Des conclusions difficiles à circonscrire au seul effet du "Oui pub"
Sur les territoires pilotes, les données transmises montrent des réductions très importantes des tonnes de papiers collectés pendant l’expérimentation par rapport à la période qui la précédait (entre 20% et 70% de réduction, avec une moyenne de 48%), ainsi que concernant la part des imprimés publicitaires dans ces tonnages (la part initiale comprise entre 17%-40% selon les territoires est passée à 5%-19% soit une réduction de moitié des imprimés publicitaires dans ces déchets). L’expérimentation "Oui pub" a "très probablement compté dans cette accélération [de la réduction des tonnages] mais il reste difficile d’en évaluer la part", relève le rapport. D’autant que cette tendance, renforcée par la crise sanitaire et par l’augmentation du coût du papier, s’inscrit dans un contexte global de réduction des tonnages de papiers collectés depuis 2019, bien antérieur à l’expérimentation "Oui pub", mise en œuvre depuis 2022. Depuis 2020, l’usage de papier pour les prospectus en France est également en baisse. En 2023, le tonnage de prospectus a chuté à 400.000 tonnes environ, soit une baisse de 55% par rapport à 2019.
Pas de gagnant sur l’impact environnemental
En parallèle, l’Ademe a mené une étude comparée de l’impact environnemental des campagnes publicitaires par voie de distribution d’imprimés et de celles effectuées par voie numérique. La transition de la publicité de type papier vers le numérique, dans laquelle s’inscrit l’expérimentation "Oui pub", entraîne un changement de la nature des impacts environnementaux, notamment une diminution des impacts sur les indicateurs liés à la consommation de ressources fossiles (réchauffement climatique, particules fines), et une augmentation des impacts sur les indicateurs liés à la consommation de ressources et la production de déchets d’équipements électriques et électroniques. Ces impacts sont différemment répartis entre les communications papiers et numériques et "il n’est pas possible de tirer une conclusion générale sur ce sujet, tant les variables sont nombreuses", souligne l’étude, qui note entre autres des supports de publicité et des parcours de consommateurs variés, et ne se hasarde donc pas à une hiérarchisation des canaux. "En tout état de cause, un moindre recours au papier avec un usage accru du numérique présente des impacts environnementaux", conclut-elle, tout en prônant des actions d’écoconception des campagnes commerciales et une "nécessaire sobriété".
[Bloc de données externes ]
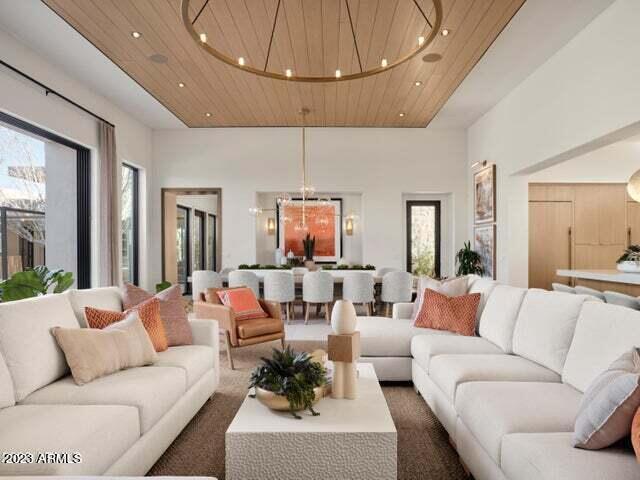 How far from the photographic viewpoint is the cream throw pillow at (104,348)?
2283 millimetres

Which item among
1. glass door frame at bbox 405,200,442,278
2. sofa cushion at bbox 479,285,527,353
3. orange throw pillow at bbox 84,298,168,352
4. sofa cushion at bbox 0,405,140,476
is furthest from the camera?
glass door frame at bbox 405,200,442,278

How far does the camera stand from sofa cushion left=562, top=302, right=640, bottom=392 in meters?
1.96

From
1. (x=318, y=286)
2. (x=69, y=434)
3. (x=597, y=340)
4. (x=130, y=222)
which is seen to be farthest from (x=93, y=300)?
(x=130, y=222)

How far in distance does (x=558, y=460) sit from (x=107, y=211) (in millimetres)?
6195

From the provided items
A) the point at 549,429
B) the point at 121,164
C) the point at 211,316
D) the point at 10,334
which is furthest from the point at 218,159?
the point at 549,429

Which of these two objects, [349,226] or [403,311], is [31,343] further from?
[349,226]

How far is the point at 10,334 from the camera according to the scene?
2086 millimetres

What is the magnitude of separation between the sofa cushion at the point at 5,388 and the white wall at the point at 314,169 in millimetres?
6029

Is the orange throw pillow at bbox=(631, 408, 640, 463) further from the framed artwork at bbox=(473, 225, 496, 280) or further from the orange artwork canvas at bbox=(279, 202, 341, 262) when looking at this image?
the orange artwork canvas at bbox=(279, 202, 341, 262)

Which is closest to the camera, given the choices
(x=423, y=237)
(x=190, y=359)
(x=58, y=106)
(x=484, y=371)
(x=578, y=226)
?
(x=484, y=371)

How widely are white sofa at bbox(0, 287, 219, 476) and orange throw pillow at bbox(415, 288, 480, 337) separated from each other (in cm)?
199

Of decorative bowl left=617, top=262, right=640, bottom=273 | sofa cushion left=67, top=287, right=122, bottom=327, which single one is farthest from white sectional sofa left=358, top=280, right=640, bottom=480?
sofa cushion left=67, top=287, right=122, bottom=327

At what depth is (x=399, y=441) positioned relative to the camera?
2.56m

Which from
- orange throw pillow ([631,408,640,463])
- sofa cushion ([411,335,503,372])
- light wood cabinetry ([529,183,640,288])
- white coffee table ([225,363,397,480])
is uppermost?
light wood cabinetry ([529,183,640,288]) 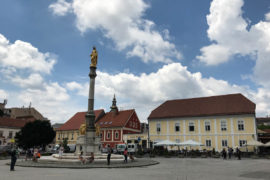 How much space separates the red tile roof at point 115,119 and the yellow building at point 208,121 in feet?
32.8

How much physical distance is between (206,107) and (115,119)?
22685mm

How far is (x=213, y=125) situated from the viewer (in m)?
39.2

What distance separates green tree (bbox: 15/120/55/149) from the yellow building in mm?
21926

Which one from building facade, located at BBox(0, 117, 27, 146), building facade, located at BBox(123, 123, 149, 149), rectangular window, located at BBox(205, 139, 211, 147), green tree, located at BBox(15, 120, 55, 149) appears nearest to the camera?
rectangular window, located at BBox(205, 139, 211, 147)

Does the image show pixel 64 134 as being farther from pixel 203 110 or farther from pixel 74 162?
pixel 74 162

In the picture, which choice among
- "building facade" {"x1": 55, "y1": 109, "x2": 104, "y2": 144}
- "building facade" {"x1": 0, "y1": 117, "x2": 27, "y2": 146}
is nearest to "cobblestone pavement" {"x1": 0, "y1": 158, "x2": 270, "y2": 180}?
"building facade" {"x1": 55, "y1": 109, "x2": 104, "y2": 144}

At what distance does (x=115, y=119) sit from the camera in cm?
5591

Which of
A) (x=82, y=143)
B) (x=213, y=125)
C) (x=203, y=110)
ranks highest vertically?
(x=203, y=110)

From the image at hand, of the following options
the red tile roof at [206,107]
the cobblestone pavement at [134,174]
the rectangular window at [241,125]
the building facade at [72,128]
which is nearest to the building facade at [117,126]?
the building facade at [72,128]

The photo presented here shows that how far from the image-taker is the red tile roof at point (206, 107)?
38203 mm

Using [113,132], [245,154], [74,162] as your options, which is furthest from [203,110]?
A: [74,162]

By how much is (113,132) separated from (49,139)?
13550 mm

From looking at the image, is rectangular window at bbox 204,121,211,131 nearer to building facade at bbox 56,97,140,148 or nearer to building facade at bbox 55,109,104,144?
building facade at bbox 56,97,140,148

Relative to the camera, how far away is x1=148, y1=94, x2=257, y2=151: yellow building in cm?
3688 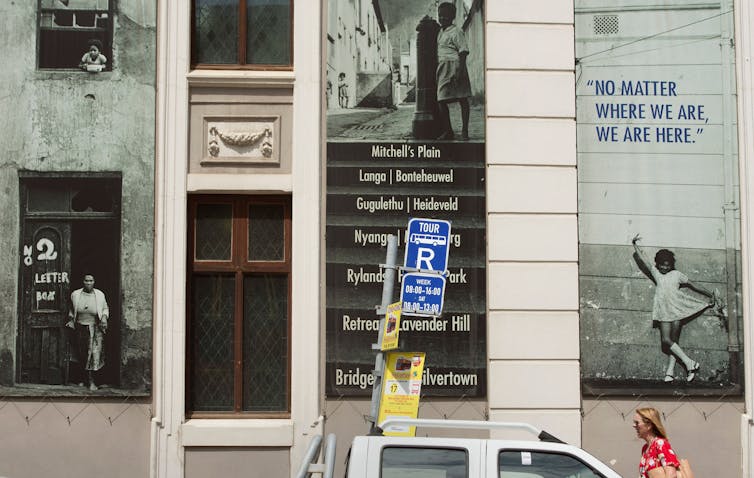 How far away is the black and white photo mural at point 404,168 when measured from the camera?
Result: 487 inches

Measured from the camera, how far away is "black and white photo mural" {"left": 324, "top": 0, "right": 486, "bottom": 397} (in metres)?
12.4

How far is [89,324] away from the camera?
12.2 meters

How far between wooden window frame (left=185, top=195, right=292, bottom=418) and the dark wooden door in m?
1.47

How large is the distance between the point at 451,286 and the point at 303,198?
2143mm

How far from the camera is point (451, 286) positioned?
41.0ft

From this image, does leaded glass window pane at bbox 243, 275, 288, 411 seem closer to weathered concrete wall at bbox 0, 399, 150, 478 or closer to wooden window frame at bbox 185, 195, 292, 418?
wooden window frame at bbox 185, 195, 292, 418

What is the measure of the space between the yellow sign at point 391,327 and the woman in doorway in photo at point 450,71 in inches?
125

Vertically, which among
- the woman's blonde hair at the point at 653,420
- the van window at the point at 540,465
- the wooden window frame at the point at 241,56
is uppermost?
the wooden window frame at the point at 241,56

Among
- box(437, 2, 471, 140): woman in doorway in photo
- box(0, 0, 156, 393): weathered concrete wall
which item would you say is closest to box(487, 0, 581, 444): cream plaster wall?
→ box(437, 2, 471, 140): woman in doorway in photo

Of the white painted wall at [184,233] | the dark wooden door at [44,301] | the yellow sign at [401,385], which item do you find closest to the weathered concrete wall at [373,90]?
the white painted wall at [184,233]

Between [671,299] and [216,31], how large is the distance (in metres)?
6.72

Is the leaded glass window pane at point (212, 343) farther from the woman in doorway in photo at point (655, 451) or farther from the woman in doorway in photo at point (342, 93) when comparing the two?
the woman in doorway in photo at point (655, 451)

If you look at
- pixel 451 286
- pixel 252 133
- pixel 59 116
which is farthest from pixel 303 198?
pixel 59 116

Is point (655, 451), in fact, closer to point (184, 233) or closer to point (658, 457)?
point (658, 457) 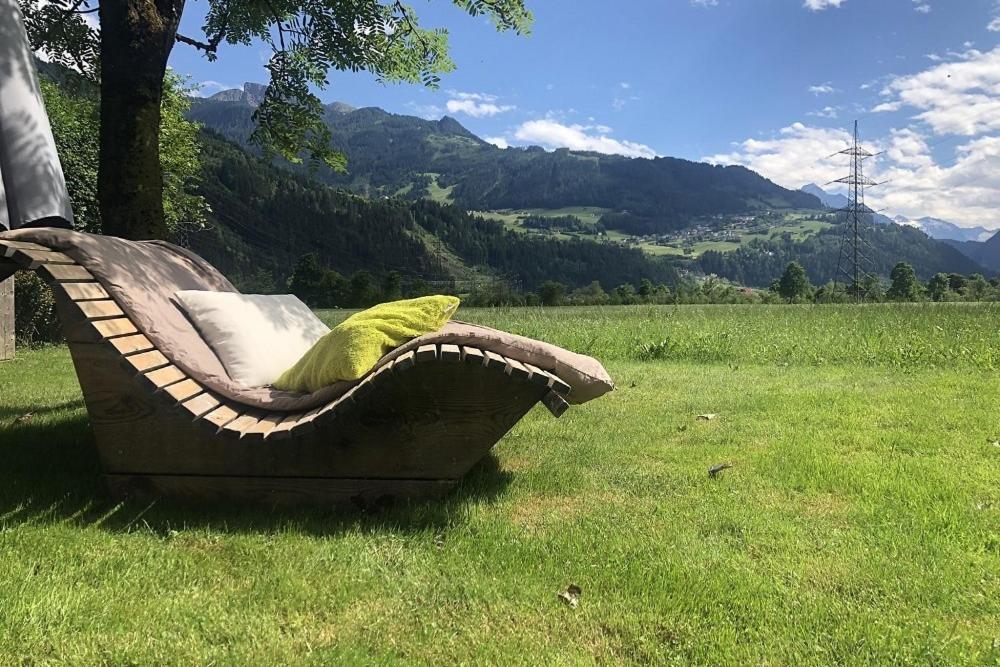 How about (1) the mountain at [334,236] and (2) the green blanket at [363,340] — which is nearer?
(2) the green blanket at [363,340]

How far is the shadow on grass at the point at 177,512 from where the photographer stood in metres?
2.68

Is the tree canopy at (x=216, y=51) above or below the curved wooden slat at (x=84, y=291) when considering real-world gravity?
above

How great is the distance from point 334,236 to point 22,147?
354ft

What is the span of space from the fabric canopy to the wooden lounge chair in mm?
470

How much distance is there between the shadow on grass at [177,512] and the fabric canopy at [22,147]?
4.44ft

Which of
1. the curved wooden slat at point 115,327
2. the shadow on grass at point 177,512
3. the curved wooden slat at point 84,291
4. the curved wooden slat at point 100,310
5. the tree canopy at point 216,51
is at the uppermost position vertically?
the tree canopy at point 216,51

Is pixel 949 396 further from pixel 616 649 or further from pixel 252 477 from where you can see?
pixel 252 477

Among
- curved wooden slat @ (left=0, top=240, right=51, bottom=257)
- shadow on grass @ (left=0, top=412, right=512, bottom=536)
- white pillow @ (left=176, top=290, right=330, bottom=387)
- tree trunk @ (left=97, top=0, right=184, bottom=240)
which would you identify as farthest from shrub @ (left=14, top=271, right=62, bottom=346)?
curved wooden slat @ (left=0, top=240, right=51, bottom=257)

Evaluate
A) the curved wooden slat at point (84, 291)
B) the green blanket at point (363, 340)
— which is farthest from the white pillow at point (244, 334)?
the curved wooden slat at point (84, 291)

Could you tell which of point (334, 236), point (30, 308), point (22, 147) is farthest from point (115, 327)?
point (334, 236)

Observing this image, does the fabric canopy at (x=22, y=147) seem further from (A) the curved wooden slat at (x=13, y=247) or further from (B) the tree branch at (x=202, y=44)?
(B) the tree branch at (x=202, y=44)

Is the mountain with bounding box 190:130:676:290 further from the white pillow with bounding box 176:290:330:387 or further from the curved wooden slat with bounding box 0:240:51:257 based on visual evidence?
the curved wooden slat with bounding box 0:240:51:257

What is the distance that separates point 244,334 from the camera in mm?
3664

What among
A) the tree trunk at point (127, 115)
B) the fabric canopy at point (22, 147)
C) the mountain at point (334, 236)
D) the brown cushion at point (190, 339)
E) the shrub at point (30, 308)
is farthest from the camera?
the mountain at point (334, 236) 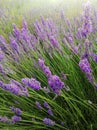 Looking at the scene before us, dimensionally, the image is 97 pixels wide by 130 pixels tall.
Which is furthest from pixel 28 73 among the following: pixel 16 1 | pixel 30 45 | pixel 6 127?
pixel 16 1

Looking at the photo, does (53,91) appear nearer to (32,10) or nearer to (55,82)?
(55,82)

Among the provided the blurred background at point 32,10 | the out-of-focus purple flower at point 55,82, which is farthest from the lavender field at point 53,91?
the blurred background at point 32,10

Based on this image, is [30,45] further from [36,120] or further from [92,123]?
[92,123]

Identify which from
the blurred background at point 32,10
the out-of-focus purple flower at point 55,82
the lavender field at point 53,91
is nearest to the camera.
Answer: the out-of-focus purple flower at point 55,82

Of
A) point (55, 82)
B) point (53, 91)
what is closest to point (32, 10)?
point (53, 91)

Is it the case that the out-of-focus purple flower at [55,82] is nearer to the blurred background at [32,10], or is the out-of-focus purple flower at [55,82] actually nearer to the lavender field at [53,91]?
the lavender field at [53,91]

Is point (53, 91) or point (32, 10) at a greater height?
point (32, 10)

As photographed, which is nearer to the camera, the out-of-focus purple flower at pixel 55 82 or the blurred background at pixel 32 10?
the out-of-focus purple flower at pixel 55 82

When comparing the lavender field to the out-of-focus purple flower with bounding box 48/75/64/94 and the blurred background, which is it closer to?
the out-of-focus purple flower with bounding box 48/75/64/94

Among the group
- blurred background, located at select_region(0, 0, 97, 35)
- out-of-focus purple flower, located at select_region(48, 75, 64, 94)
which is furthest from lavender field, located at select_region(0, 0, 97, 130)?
blurred background, located at select_region(0, 0, 97, 35)

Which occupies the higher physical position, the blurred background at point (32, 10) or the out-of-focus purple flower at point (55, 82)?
the blurred background at point (32, 10)

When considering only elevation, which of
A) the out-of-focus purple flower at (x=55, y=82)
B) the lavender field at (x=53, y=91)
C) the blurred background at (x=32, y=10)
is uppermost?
the blurred background at (x=32, y=10)

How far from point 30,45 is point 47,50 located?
0.51ft

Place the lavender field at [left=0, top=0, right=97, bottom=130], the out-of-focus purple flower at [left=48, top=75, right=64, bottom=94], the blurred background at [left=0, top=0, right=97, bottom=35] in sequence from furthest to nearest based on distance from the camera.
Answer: the blurred background at [left=0, top=0, right=97, bottom=35], the lavender field at [left=0, top=0, right=97, bottom=130], the out-of-focus purple flower at [left=48, top=75, right=64, bottom=94] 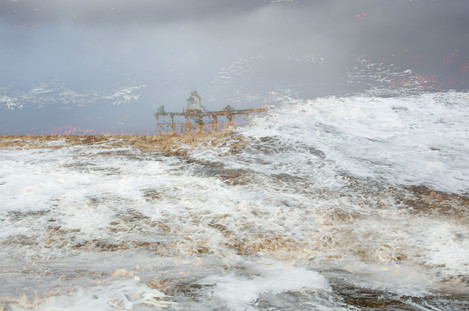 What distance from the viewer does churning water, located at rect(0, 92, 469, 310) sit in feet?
11.7

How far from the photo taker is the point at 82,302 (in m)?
3.32

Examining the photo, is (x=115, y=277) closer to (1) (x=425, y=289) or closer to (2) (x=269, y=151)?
(1) (x=425, y=289)

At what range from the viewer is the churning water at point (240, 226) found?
11.7 ft

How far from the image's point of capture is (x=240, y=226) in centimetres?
537

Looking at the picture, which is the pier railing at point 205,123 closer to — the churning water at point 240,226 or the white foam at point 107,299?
the churning water at point 240,226

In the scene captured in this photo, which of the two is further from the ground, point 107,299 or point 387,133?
point 387,133

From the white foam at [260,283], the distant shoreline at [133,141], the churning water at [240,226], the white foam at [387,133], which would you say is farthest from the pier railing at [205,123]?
the white foam at [260,283]

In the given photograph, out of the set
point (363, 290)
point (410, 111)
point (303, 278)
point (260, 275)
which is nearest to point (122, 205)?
point (260, 275)

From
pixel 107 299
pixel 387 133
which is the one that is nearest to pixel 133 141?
pixel 107 299

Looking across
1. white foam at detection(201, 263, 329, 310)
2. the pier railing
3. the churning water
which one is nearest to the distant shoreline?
the churning water

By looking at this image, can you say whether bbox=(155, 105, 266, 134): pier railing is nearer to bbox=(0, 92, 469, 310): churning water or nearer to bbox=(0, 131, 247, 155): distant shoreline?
bbox=(0, 131, 247, 155): distant shoreline

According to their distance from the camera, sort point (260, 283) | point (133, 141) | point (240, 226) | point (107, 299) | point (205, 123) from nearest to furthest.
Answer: point (107, 299)
point (260, 283)
point (240, 226)
point (133, 141)
point (205, 123)

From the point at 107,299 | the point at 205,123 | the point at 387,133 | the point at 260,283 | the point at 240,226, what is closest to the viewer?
the point at 107,299

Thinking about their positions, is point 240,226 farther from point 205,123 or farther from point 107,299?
point 205,123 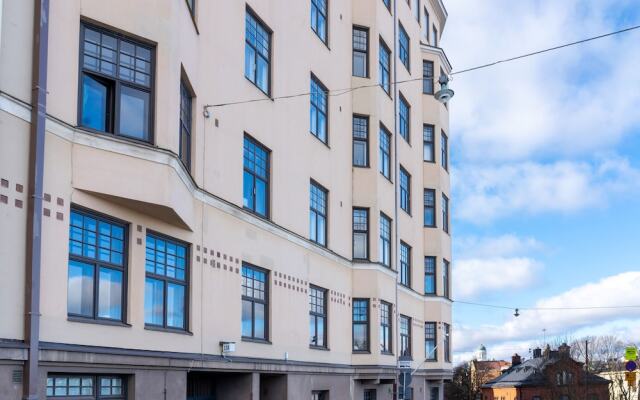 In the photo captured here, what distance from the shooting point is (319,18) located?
23734 mm

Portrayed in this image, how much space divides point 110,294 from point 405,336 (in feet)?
60.8

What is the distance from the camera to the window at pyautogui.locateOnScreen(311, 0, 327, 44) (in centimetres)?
2319

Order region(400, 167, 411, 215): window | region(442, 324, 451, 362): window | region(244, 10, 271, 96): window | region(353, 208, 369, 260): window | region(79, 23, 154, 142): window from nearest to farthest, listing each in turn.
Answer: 1. region(79, 23, 154, 142): window
2. region(244, 10, 271, 96): window
3. region(353, 208, 369, 260): window
4. region(400, 167, 411, 215): window
5. region(442, 324, 451, 362): window

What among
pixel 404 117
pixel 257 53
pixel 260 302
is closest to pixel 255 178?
pixel 260 302

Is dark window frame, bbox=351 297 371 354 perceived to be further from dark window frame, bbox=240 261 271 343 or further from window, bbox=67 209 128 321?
window, bbox=67 209 128 321

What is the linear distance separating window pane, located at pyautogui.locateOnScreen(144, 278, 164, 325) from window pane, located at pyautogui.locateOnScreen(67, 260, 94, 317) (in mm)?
1464

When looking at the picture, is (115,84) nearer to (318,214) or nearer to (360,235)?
(318,214)

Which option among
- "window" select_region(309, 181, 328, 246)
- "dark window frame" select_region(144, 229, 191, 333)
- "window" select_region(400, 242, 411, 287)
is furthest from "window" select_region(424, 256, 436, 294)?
"dark window frame" select_region(144, 229, 191, 333)

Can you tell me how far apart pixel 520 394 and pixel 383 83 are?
75747 millimetres

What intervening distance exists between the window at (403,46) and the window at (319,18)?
6.65m

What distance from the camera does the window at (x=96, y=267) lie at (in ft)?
39.8

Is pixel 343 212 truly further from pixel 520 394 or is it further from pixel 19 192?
pixel 520 394

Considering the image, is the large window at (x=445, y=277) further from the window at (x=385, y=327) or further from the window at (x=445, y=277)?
the window at (x=385, y=327)

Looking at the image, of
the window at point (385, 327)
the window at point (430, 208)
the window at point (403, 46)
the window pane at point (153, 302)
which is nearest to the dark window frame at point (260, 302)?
the window pane at point (153, 302) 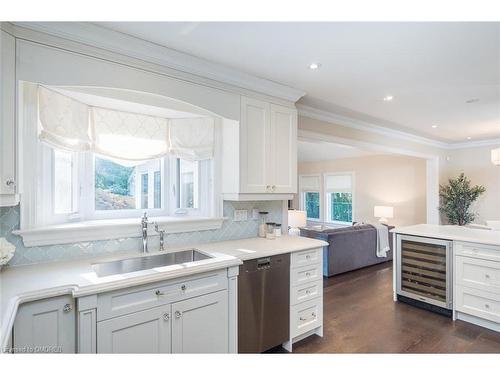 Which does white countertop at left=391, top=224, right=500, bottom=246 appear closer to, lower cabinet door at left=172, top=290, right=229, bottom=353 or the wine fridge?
the wine fridge

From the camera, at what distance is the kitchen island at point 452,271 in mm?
2693

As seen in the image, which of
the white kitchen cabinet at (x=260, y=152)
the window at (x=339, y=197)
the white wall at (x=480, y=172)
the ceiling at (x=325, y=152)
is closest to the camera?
the white kitchen cabinet at (x=260, y=152)

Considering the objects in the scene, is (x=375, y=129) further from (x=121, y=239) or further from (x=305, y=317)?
(x=121, y=239)

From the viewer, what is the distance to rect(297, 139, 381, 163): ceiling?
6.98m

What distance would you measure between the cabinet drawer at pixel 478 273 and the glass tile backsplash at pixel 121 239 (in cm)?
194

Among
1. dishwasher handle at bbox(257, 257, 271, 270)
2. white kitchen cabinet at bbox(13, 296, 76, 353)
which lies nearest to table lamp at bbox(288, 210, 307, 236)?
dishwasher handle at bbox(257, 257, 271, 270)

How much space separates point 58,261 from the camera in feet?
6.07

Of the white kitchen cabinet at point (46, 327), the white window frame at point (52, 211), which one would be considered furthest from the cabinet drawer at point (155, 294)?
the white window frame at point (52, 211)

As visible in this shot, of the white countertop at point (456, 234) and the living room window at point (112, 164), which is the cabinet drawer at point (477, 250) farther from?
the living room window at point (112, 164)

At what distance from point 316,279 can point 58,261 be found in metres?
2.06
L’évaluation socio-économique de l’expérimentation a fait par ailleurs part des réorganisations ou cessations d’activités subies par le secteur des Ipsa sans pouvoir là encore quantifier précisément l’impact du facteur "Oui pub". "Le support des imprimés publicitaires reste important pour générer du trafic en magasin pour les petites entreprises locales situées en zone périurbaines ou rurales", reconnaît également le rapport. C’est aussi un des arguments du Cercle d’Alliés, regroupement des acteurs économiques liés à l’imprimé publicitaire et au papier, pour s’opposer à une généralisation du "Oui pub". "Moins d’imprimés publicitaires, ne signifie pas moins de publicité, mais un transfert vers le numérique au détriment de la survie du commerce de proximité", fait-il notamment valoir dans son communiqué, pointant également " (la mise) en danger (de) toute une filière papier française, de la forêt au recyclage, en passant par les papetiers, imprimeurs et distributeurs".